> Source information:

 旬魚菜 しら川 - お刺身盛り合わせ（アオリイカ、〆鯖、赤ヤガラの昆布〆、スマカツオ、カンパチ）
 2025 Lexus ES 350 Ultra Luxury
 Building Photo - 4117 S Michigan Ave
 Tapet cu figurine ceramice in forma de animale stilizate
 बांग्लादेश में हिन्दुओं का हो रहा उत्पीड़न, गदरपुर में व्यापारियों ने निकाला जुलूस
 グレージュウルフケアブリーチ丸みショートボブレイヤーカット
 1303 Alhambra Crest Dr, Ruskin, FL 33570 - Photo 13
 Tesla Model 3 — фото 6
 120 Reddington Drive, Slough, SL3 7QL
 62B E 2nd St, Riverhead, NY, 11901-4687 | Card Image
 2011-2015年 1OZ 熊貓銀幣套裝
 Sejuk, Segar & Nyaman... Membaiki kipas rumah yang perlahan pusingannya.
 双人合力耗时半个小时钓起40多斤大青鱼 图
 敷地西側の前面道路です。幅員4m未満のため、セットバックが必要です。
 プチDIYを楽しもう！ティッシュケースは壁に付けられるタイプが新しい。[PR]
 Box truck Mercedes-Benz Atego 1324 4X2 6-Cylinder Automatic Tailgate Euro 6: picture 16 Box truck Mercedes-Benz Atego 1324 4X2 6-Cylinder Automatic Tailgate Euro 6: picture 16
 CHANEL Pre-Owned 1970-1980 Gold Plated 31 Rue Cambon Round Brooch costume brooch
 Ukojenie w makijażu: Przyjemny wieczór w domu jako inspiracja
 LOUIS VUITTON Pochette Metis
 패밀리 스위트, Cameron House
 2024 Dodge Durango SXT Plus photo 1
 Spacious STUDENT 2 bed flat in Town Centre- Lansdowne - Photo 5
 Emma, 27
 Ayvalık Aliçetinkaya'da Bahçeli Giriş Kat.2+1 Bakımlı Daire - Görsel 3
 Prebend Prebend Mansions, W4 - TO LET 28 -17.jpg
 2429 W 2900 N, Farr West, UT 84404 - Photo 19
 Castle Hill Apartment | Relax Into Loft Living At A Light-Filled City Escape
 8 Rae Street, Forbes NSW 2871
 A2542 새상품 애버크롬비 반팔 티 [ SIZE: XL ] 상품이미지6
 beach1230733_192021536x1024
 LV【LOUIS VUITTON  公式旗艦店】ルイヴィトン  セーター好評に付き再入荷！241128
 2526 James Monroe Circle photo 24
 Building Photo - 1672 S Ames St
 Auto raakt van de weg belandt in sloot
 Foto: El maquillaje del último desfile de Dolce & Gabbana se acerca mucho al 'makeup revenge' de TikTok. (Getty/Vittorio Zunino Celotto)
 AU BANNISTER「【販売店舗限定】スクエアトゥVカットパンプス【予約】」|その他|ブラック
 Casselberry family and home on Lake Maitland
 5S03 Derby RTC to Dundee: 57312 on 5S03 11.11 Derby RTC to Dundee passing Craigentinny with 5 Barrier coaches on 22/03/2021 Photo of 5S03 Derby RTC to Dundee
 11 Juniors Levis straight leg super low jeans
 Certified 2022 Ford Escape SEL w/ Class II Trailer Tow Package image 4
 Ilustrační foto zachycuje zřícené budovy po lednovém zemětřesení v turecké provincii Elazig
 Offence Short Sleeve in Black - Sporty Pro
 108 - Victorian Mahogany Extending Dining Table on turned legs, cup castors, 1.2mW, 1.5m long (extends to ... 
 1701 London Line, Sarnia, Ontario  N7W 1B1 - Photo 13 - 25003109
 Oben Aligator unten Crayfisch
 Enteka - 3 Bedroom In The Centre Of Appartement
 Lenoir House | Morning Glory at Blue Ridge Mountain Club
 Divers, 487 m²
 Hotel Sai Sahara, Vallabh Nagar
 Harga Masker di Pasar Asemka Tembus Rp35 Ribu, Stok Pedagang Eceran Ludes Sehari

> Work order: From the line containing "LOUIS VUITTON Pochette Metis" through the last line of the records above, reproduce every line exactly.

> Exercise result:
 LOUIS VUITTON Pochette Metis
 패밀리 스위트, Cameron House
 2024 Dodge Durango SXT Plus photo 1
 Spacious STUDENT 2 bed flat in Town Centre- Lansdowne - Photo 5
 Emma, 27
 Ayvalık Aliçetinkaya'da Bahçeli Giriş Kat.2+1 Bakımlı Daire - Görsel 3
 Prebend Prebend Mansions, W4 - TO LET 28 -17.jpg
 2429 W 2900 N, Farr West, UT 84404 - Photo 19
 Castle Hill Apartment | Relax Into Loft Living At A Light-Filled City Escape
 8 Rae Street, Forbes NSW 2871
 A2542 새상품 애버크롬비 반팔 티 [ SIZE: XL ] 상품이미지6
 beach1230733_192021536x1024
 LV【LOUIS VUITTON  公式旗艦店】ルイヴィトン  セーター好評に付き再入荷！241128
 2526 James Monroe Circle photo 24
 Building Photo - 1672 S Ames St
 Auto raakt van de weg belandt in sloot
 Foto: El maquillaje del último desfile de Dolce & Gabbana se acerca mucho al 'makeup revenge' de TikTok. (Getty/Vittorio Zunino Celotto)
 AU BANNISTER「【販売店舗限定】スクエアトゥVカットパンプス【予約】」|その他|ブラック
 Casselberry family and home on Lake Maitland
 5S03 Derby RTC to Dundee: 57312 on 5S03 11.11 Derby RTC to Dundee passing Craigentinny with 5 Barrier coaches on 22/03/2021 Photo of 5S03 Derby RTC to Dundee
 11 Juniors Levis straight leg super low jeans
 Certified 2022 Ford Escape SEL w/ Class II Trailer Tow Package image 4
 Ilustrační foto zachycuje zřícené budovy po lednovém zemětřesení v turecké provincii Elazig
 Offence Short Sleeve in Black - Sporty Pro
 108 - Victorian Mahogany Extending Dining Table on turned legs, cup castors, 1.2mW, 1.5m long (extends to ... 
 1701 London Line, Sarnia, Ontario  N7W 1B1 - Photo 13 - 25003109
 Oben Aligator unten Crayfisch
 Enteka - 3 Bedroom In The Centre Of Appartement
 Lenoir House | Morning Glory at Blue Ridge Mountain Club
 Divers, 487 m²
 Hotel Sai Sahara, Vallabh Nagar
 Harga Masker di Pasar Asemka Tembus Rp35 Ribu, Stok Pedagang Eceran Ludes Sehari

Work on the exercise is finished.